Remember The Maryland 400

The first regiment of full-time professional soldiers from Maryland to fight for the Continental Army saved the revolution in August of 1776. Against a much larger, better-prepared British force, 450 to 500 Marylanders valiantly defended themselves and their new nation.
    “Through a series of charges, they kept the British bottled up so that the rest of the American forces could get off the battlefield,” said historian Owen Lourie, project director for Finding the Maryland 400 at the Maryland State Archives. “In doing so, they suffered extremely heavy casualties, but they literally saved the Army.”
    This regiment is known as The Maryland 400.
    “It’s not completely clear how they became known as the Maryland 400,” Lourie explained, as the actual number was larger. “We believe that it’s a Victorian allusion to the Spartan 300 rather than a direct indication of the number of men who fought.”
    The First Maryland Regiment was composed of 900 to 1,000 men from around the state, including one company from the Annapolis area.
    It was also known as the Old Line, which is the source of Maryland’s nickname, the Old Line State.

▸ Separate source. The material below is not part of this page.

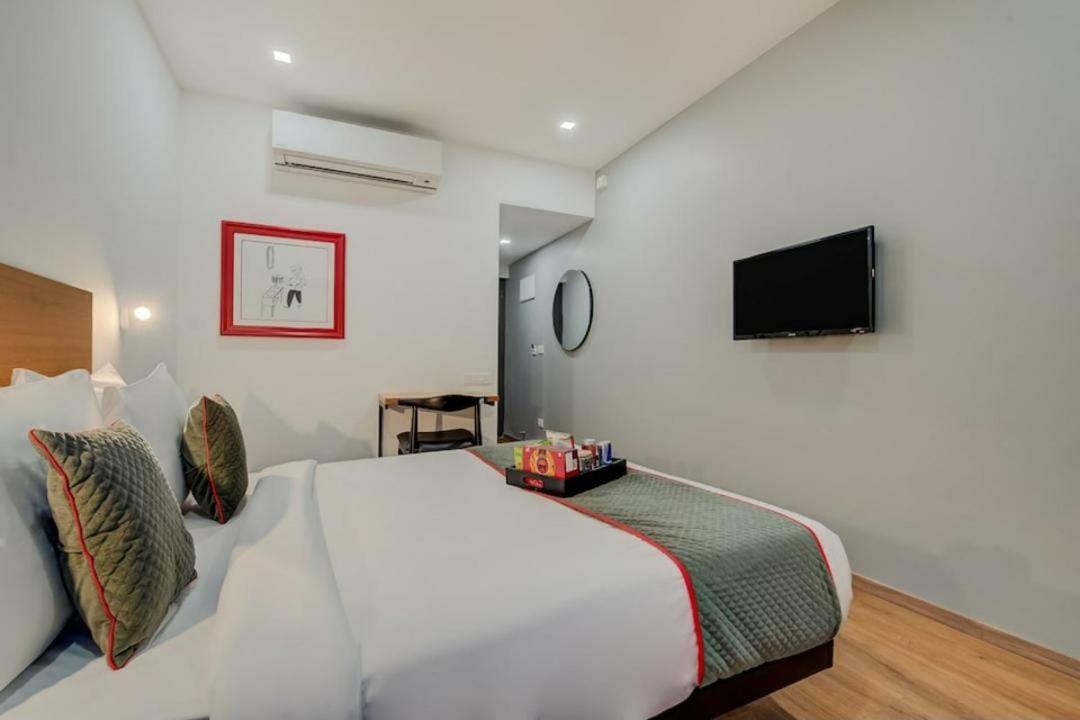 Hotel Town Plaza Pune Eksteriør billede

Toward the end of the war and after, George Washington referred to the First Maryland Regiment as his Old Line because they were well established and reliable. During Revolutionary War battles, regiments fought lined up, facing the enemy. Each line was referred to as the Maryland Line or the Massachusetts Line rather than their company name.
    The Maryland State Archives, with funding from the Maryland Society of the Sons of the American Revolution, is working on a project called Finding the Maryland 400.
    “We are working to identify and write biographies on the men who served in the First Maryland Regiment,” Lourie said. Currently, 850 of the names have been identified. Read biographies of some 250 at https://msamaryland
400.wordpress.com/.
    A marker in Brooklyn commemorates the bravery of the Maryland 400, but Maryland has no statue or marker. Calvert Countian Bob Parker would like a statue erected in Maryland.
    “I can’t believe that Maryland has all but forgotten about them,” Parker said. “They saved the American Army, and I would like to see them remembered.”